主観と客観

評価には、主観的評価と客観的評価がある。主観的評価の軸は、「好き-嫌い」で表現することができ、客観的評価の軸は、「良い-悪い」で表現することができる。とかいうのは、「味が良い」とかをかんがえるとすぐ破綻する仮定なのだが、まあ、そういうのは放置して、ここではそういうものとしようではないか。

例えば、「納豆」についての主観的評価は「味が好き」とか「においが嫌い」とかであり、それについて他人がどうこういう問題ではない。客観的評価は、例えば「健康に良い」とか「ねばねばで扱いづらい」とかであり、個人がどう思おうが変化はないものである。

とりあえず、そういう主観的評価と客観的評価があるとする。これらの関係について考えてみたい。ときに、人間というものはこの二種の異なる性質の評価軸を混同してしまいがちである。

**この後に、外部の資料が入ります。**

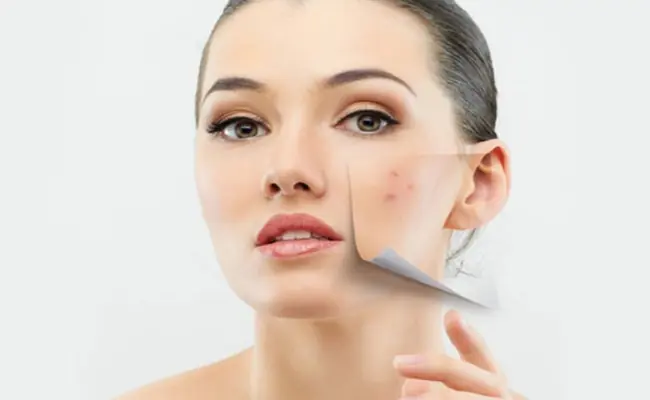Hing Uses for acne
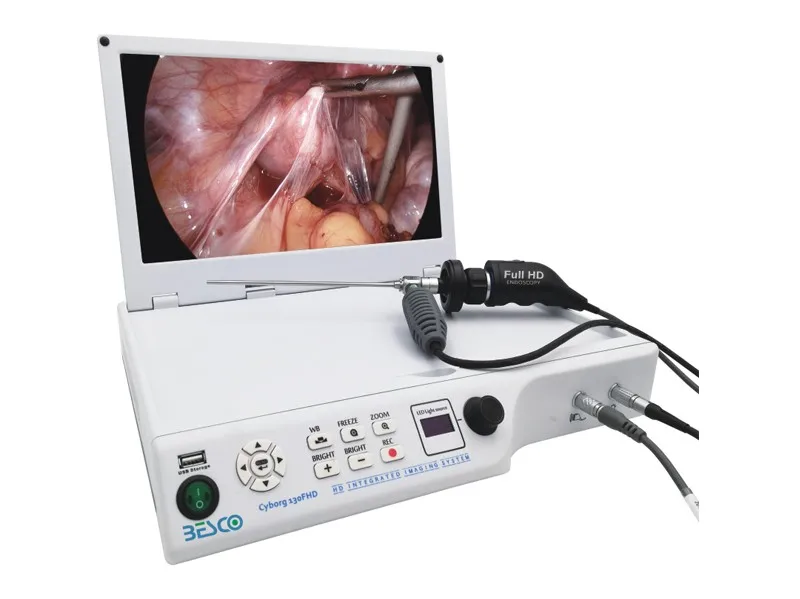 Medical Full Hd Portable Intergrated Endoscopic Imaging System - Buy ...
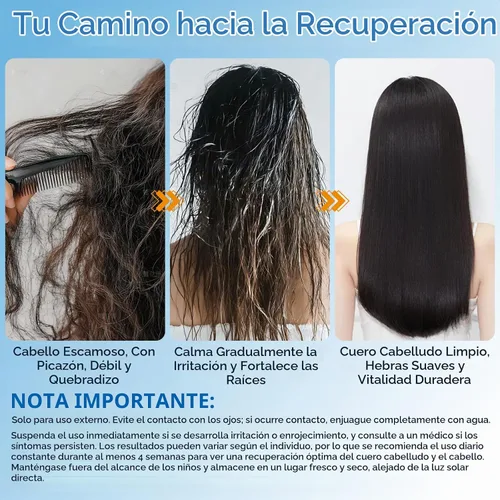 Vista 6 de Champú para el control de la caspa, sin sulfatos ni parabenos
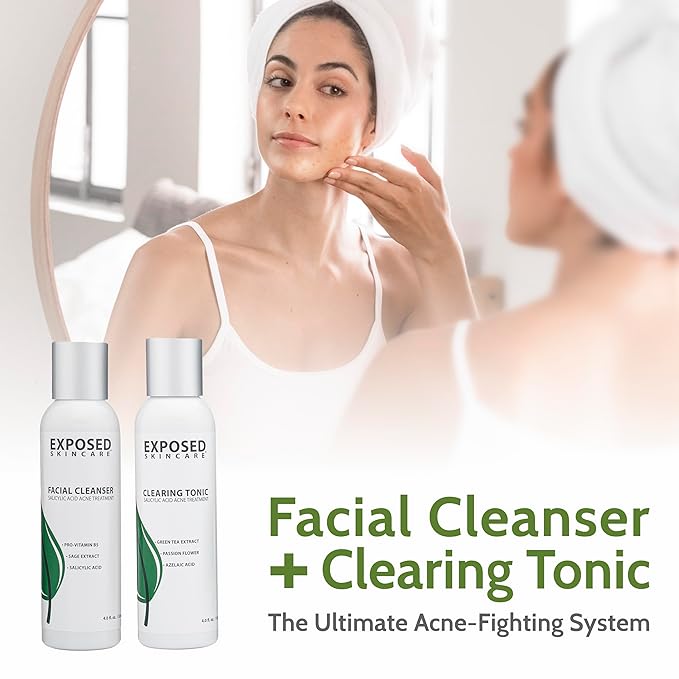 Exposed Skin Care, Acne Treatment Kit with 2.5% Salicylic Acid and 3.5% Benzoyl Peroxide to Clear Up Teen, Adult, Hormonal and Cystic Acne – Natural, Non-toxic and Cruelty Free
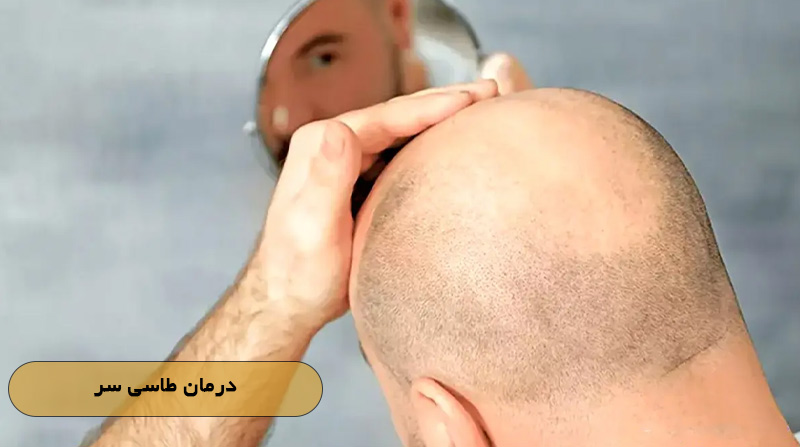 درمان طاسی سر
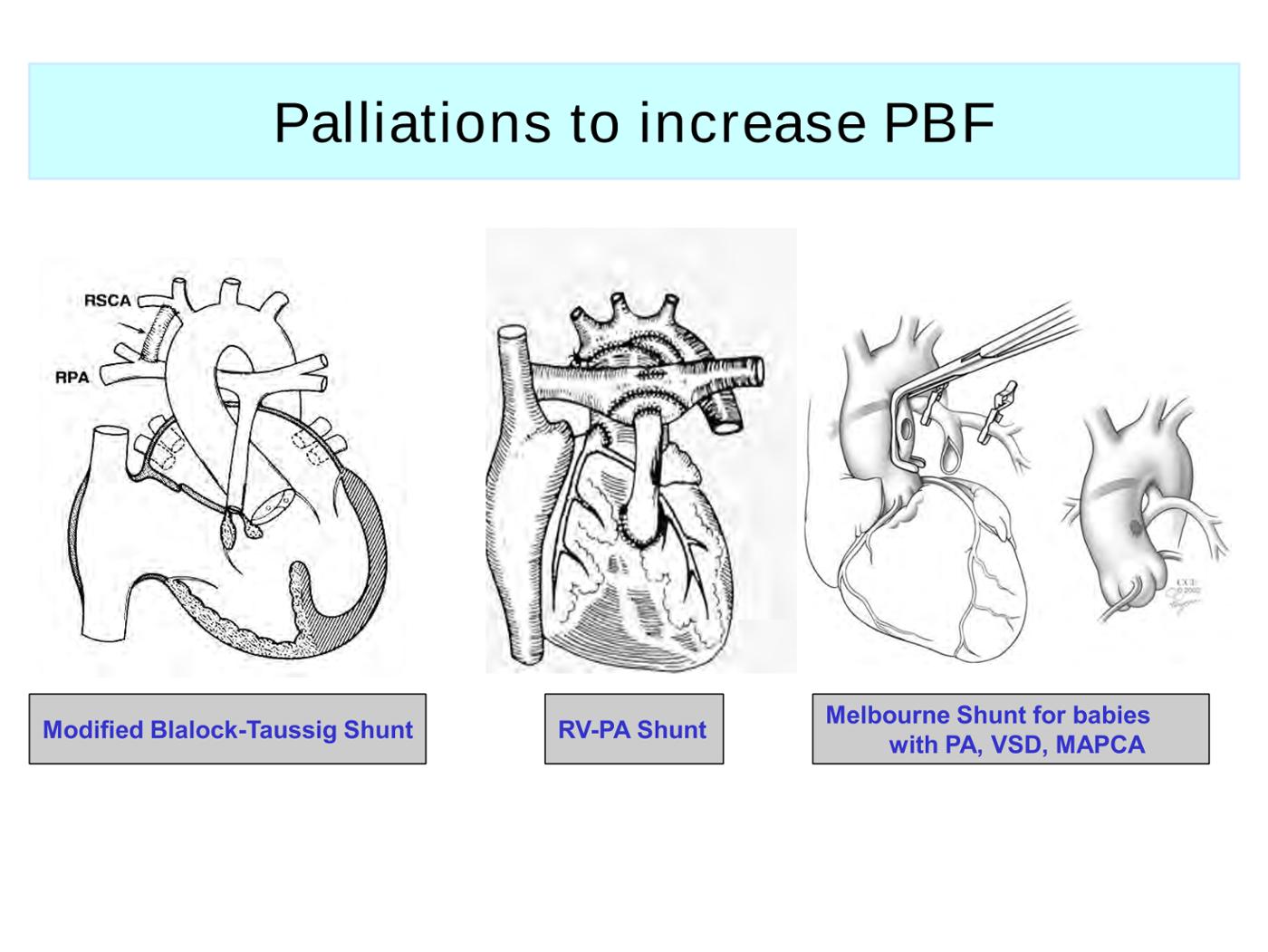 2025 Pediatric Heart Forum Presentation 272페이지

例えば、あるレコードに人気があるかどうかということと、そのレコードが音楽的・芸術的に優れているかどうか、ということは、とりあえず関係のないものとしてとらえる必要があり、「音楽的にはクズだが人気がある」こともあれば「音楽的にすばらしいし人気がある」のである。

8時だヨ!全員集合」というテレビ番組を好きな人がいたとする。社会では、「8時だヨ!全員集合は良い番組だ」だの、「8時だヨ!全員集合は悪い番組だ」だのと、侃侃諤諤の議論がなされているとする。このとき、個人の主観的評価と社会の客観的評価には、基本的にはなにも関係はない。個人にとって好きなもんは好きだから、「8時だヨ!全員集合」を見るわけで、社会における客観的評価が「悪い」一色になって、PTAからなるべく見ないようにというプリントが配布されたところで、ちゃんちゃらおかしいのである。

というようなことを、某国の首相は、自身が自国某所の某宗教施設に行った事に対する、社会の反応に対して思っているのではないか、と思う今日この頃であった。